Also, one thing I just realized is that with the approach we've been discussing so far, it seems like we'd need to assign node IDs to all nodes loaded from the store (or at least to re-compute them). This is because node IDs make sense only in the context of a given forest. So, for MAST trees coming from the store, "local" node IDs may conflict with the ones already in the forest.

It's true that trying to merge two MastForest (already expanded in memory), let's call them a and b, requires computing new node IDs for every node in b, but I think that's to be expected and not an issue per se. The expensive operation, relatively speaking, is decoding the MastForest from its binary representation; remapping the node IDs is fast in comparison.

That said, I think there are other reasons why we may not want to make this quite as transparent in the MastForest API. Rather than hiding the fact that we're loading an external node (i.e. a node in another MastForest), we could instead return something like Option<Either<MastNode, (NodeId, Arc<MastForest>)>>, where None indicates that the MAST root could not be found at all, Some(Left(_)) indicates that the node was found in the current MastForest, and Some(Right(_)) indicates that the node was found in another MastForest, returning a reference to that forest as well as the NodeId of the desired node in that MastForest.

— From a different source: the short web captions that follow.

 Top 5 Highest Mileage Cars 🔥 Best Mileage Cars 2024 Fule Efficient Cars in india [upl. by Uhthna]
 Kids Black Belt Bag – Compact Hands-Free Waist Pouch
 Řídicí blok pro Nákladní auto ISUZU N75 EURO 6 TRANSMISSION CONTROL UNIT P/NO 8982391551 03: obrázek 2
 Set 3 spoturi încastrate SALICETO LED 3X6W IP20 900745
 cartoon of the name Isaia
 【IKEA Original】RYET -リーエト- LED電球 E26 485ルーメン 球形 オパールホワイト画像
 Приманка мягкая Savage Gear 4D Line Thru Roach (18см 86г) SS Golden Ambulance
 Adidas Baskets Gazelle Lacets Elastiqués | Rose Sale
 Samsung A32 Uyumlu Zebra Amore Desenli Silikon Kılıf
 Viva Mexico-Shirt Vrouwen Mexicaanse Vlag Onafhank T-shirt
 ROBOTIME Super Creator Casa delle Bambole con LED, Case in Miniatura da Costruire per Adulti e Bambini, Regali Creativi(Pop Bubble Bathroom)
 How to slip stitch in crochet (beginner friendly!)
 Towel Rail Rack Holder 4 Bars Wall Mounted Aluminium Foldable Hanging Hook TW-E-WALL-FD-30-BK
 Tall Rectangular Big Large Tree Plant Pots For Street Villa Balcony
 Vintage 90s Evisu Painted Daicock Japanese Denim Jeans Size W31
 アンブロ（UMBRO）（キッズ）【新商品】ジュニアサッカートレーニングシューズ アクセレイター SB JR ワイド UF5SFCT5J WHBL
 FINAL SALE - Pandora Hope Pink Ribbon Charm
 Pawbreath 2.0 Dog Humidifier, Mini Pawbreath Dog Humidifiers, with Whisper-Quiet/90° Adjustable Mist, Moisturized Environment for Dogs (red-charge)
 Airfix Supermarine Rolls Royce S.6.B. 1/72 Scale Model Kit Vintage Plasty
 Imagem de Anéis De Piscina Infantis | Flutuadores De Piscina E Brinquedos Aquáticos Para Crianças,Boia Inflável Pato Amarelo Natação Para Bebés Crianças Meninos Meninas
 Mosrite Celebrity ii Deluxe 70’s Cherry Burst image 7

The traversal of a program would then be decoupled from a specific MastForest, by representing the traversal state as a stack of continuation pointers, where a continuation pointer would look something like:

pub struct Continuation {
    /// The forest containing the node we'll continue at
    forest: Arc<MastForest>, 
    /// The node at which control will resume
    node: NodeId,
    /// If applicable, the child index in `node` where control should resume.
    /// For nodes with only a single child, or with no children, this would always be zero.
    index: usize,
}

As we traverse the MAST depth-first, we push a continuation on the stack when visiting a child of some node, and pop a continuation off the stack when we've finished executing the current node and need to continue somewhere further up the tree. In this conceptual model the "current continuation" is the continuation on top of the stack. For example:

graph TD;
    subgraph A
        direction TB
        subgraph A^1
            direction TB
            A1("Join { id: 0, digest: 0x0, children: [1, 10] }");
            B1("Join { id: 1, digest: ..., children: [2, 6] }");
            C1("Span { id: 2, digest: ..., children: [3, 4, 5] }");
            D1("Call { id: 3, digest: ..., callee: 0x2 }");
            E1("Span { id: 6, digest: ..., children: [7, 8, 9] }");
            F1("Call { id: 10, digest: ..., callee: 0x1 }");
        end
        subgraph A^2
            G1("Span { id: 11, digest: 0x1, children: [...] }");
        end
    end

    subgraph B
        A2("Join { id: 0, digest: 0x2, children: [1, 5] }");
        B2("Span { id: 1, digest: ..., children: [2, 3, 4] }");
        C2("Span { id: 5, digest: ..., children: [6, 7, 8] }");
    end

    A1-->B1;
    A1-->F1;
    B1-->C1;
    B1-->E1;
    C1-->D1;

    A2-->B2;
    A2-->C2;

Here we have two forests, A and B, where A contains two trees (A1 and A2), and B is a single tree. A has local cross-tree references, as well as an external reference to the tree in B. The continuation stack would look like the following as we execute 0x0 in A (using (forest, node, index) as shorthand for both the current position, and for continuations on the stack):

Current Position Action Stack
(A, 0, 0) Enter []
(A, 1, 0) Enter [(A, 0, 1)]
(A, 2, 0) Enter [(A, 1, 1), (A, 0, 1)]
(A, 3, 0) Enter [(A, 2, 1), (A, 1, 1), (A, 0, 1)]
(B, 0, 0) Call [(A, 2, 1), (A, 1, 1), (A, 0, 1)]
(B, 1, 0) Enter [(B, 0, 1), [(A, 2, 1), (A, 1, 1), (A, 0, 1)]
...skip.. .. ..
(B, 5, 2) Enter [(A, 2, 1), (A, 1, 1), (A, 0, 1)]
(A, 2, 1) Enter [(A, 1, 1), (A, 0, 1)]
..skip.. .. ..
(A, 1, 1) Enter [(A, 0, 1)]
..skip.. .. ..
(A, 0, 1) Enter []

Enter corresponds to visiting a node for the first time. Call corresponds to Enter-ing a node by executing a call/dyncall instruction, and has tail-call like semantics with regard to the continuation stack - i.e. the current continuation is reused for the callee such that when the callee returns, it returns "over" the call node. There is no Exit action, as that is implicit in the traversal (i.e. when resuming the current continuation, we're returning up the tree past all of the nodes between the current node and the continuation point).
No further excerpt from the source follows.